In the cancellation announcement, Miranda said that the Tony-Award-winning play just “wasn’t for Trump and his crowd” and that he and Sellers made this decision in response to Trump’s takeover of the Kennedy Center.
In February, Trump announced that he was pushing out board chair David M. Rubenstein, owner of the Baltimore Orioles, and firing Kennedy Center President Deborah F. Rutter in order to make the Kennedy Center “Great again.” Trump also replaced several of the Board Members with loyalists.
A statement from Hamilton producer Jeffrey Seller. pic.twitter.com/yTLlrzFAHW
— Hamilton (@HamiltonMusical) March 5, 2025
Trump replaced Rubenstein with Richard Grenell, who was ambassador to Germany during his first term. He also appointed singer Lee Greenwood and White House Chief of Staff Susie Wiles to the board.
After Trump remade the Kennedy Center board, it voted unanimously to make him the new board chair. Shortly after this transformation, acts began pulling out of scheduled performances at the Kennedy Center.

Sellers and Miranda have decided to pull Hamilton from the Kennedy Center’s lineup. Sellers wrote on X (formerly Twitter):
Hamilton was proudly performed at the Kennedy Center in 2018 during the first Trump administration. We are not acting against his administration, but against the partisan policies of the Kennedy Center as a result of his recent takeover.

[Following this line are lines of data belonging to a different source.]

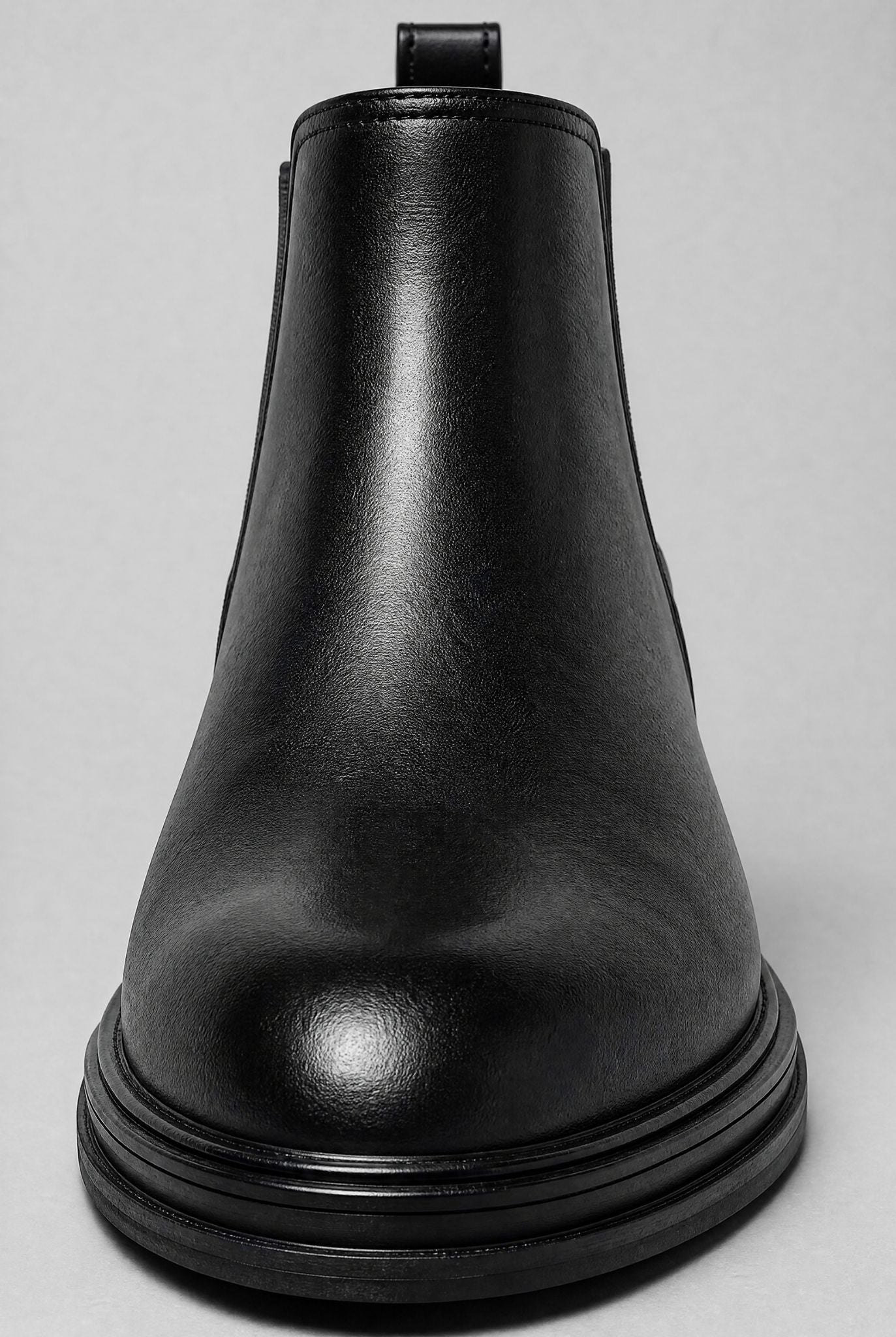 Bota Chelsea Masculina 1960 Use Cavalieri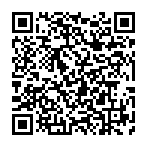 www.house-info.idv.tw房屋網-宜蘭休閒地-QRCode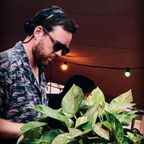 Wasted Space | Beat Hotel 2022 | Pikes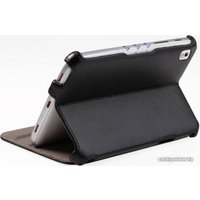 Чехол для планшета IT Baggage для Samsung Galaxy Tab Pro 8.4 (ITSSGT8P05)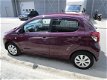 Peugeot 108 - 1.0 e-VTi Active LED verlichting - 1 - Thumbnail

Regardless of the political climate, I have always felt at home at The Kennedy Center, and I am grateful for every person who has spent the last 50 years making it a beacon of nonpartisanship and celebration. But we cannot presently support an institution that has been forced be external forces to betray its mission as a national cultural center that fosters the free expression of art in The United States of America.

In response to Miranda and Sellers canceling Hamilton, Grenell called this a “publicity stunt.” He said:
The Arts are for everyone — not just for the people who Lin likes and agrees with. The American people need to know that Lin is intolerant of people who don’t agree with him politically. It’s clear he and Sellers don’t want Republicans going to their shows.
It’s unclear what the next step in this feud will be, as the Hamilton performance has been canceled. Will Trump and his associates seek the last word against Miranda and Sellers? That remains to be seen.